Eclats punks de la poésie et des arts
Fondée par Julien Blaine puis repris par le Collectif Akenaton de Jean-Philippe Castellin, la revue Doc(k)s depuis sa création crée des hymens improbables au sein de diverses configurations poétiques et plastiques. Soulevant l’espace des ténébreuses présences de gouffres politiques, sociaux, poétiques, artistique l revue propose des hors-champs. Rampent dans des lieux interlopes des flammes qui par instants lèchent le bord des vies en disparition pour les mettre en lumière. Les messages politiques et sociaux ne restent jamais implicites même si les œuvres retenues (celles récemment de Joël Hubaut par exemple) ne sont jamais frivoles. Le manque, l’absence créent la dimension de l’altérité. Poètes et artiste retenus mettent à nu l’état du monde, montrent sa froideur et sa cruauté auxquels ils répondent par leur propre glaciation ou son humour. Mais dans tous les cas de “figures”, le corps reste obscur. Il se retrouve isolé dans le vide. Au mieux, il est entouré de ses frères clones, vestiges des vestiges de notre civilisation.

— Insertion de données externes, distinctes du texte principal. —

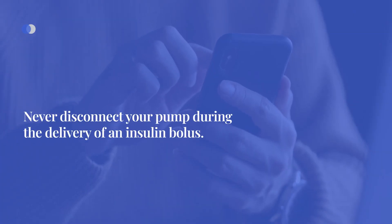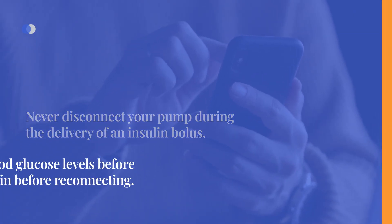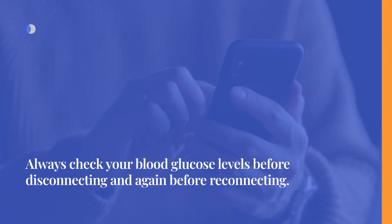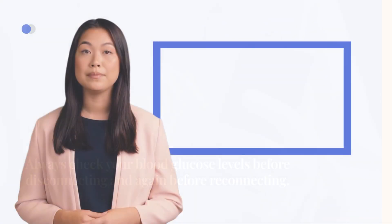Never disconnect your pump during the delivery of an insulin bolus and always check your blood glucose levels before disconnecting and again before reconnecting. If you lose any accessories or need replacements, you can contact Tandem Customer Technical Support.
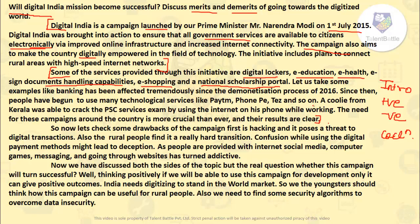We should also include real-life examples to support the positive points. I have taken the example of demonetization: because of demonetization, banking has been moving online and all transactions are being performed on online platforms — like Paytm, PhonePe, etc. Another example is that a coolie from Kerala was able to crack the PSE services exam by using the internet on his phone — using the e-education platform. This shows the need for such campaigns.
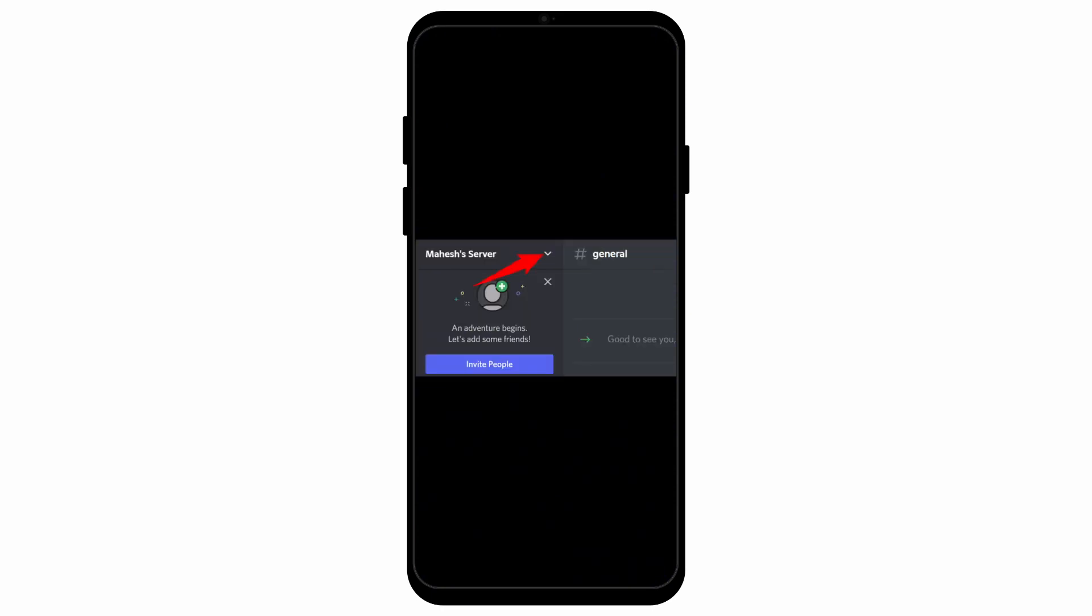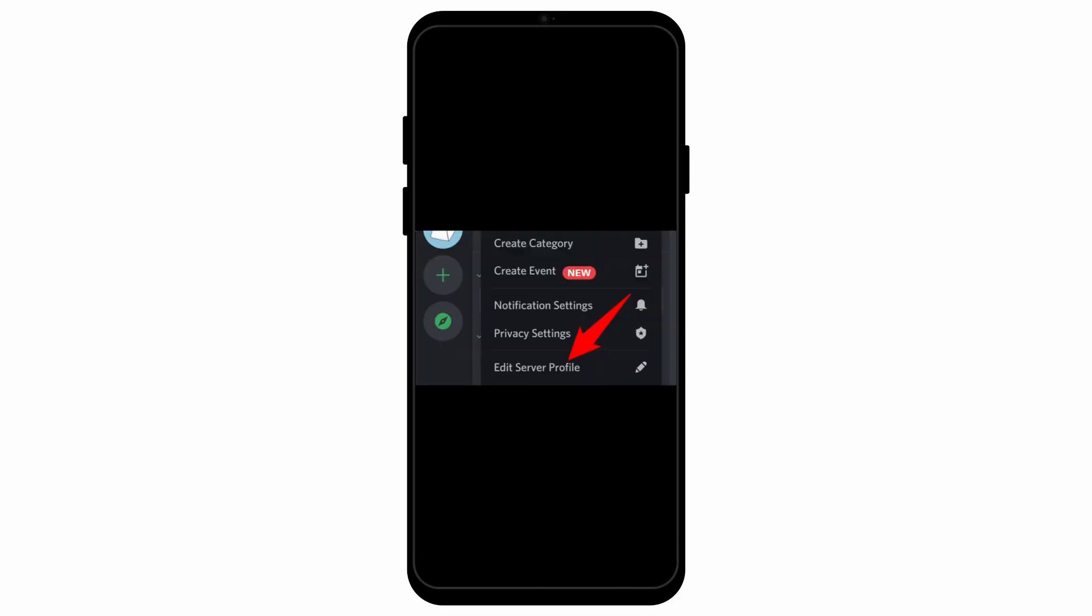After that, click on the dropdown menu beside the name of the person and there you will see the option of edit server profile.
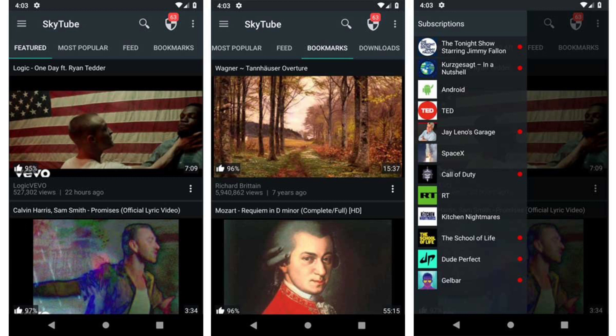There's also Skytube Extra, which gives you access to closed libraries and supports the official YouTube player and casting. You can download Skytube from its official website or F-Droid.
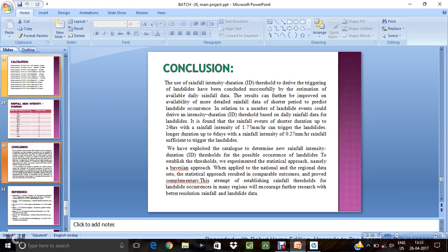So we have explored to determine the rainfall intensity duration threshold for the possible occurrence landslides. To establish threshold we experimented statistical approach, namely Bayesian approach.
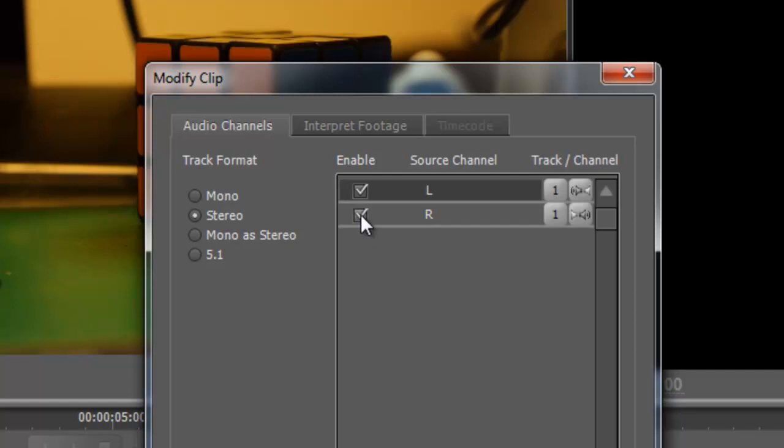So what you need to do here is click on mono as stereo and then you get rid of the right channel because we're not going to need this, it's going to do the conversion for us.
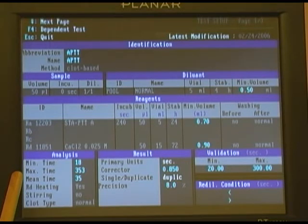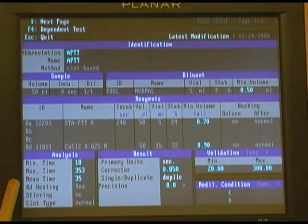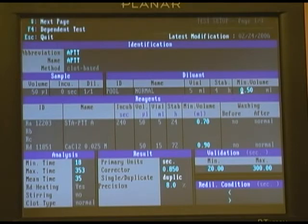Any test that exceeds 353 seconds will also generate an error. The mean time for this particular test is 35 seconds, and we use that to calculate throughput on the instrument.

Originalité de la revue pluridisciplinaire : chaque œuvre tourne autour d’une autre mais parfois sans forcément le moindre partage ou entente. Chaque présence peut sembler une exécution. Mais cela évite toute connivence et propose une danse de silhouettes apparemment inaliénables loin de tout apex d’embrassement dans des rituels ou cérémonies secrètes et froides. Dock(s) préfère le feu des enfers. Les œuvres brûlantes engendrent une méditation ironique de l’homme lorsqu’il recherche des certitudes comme balises de vie. La revue montre comment le doute nourrit l’être en décalant la tradition de l’art et de la poésie.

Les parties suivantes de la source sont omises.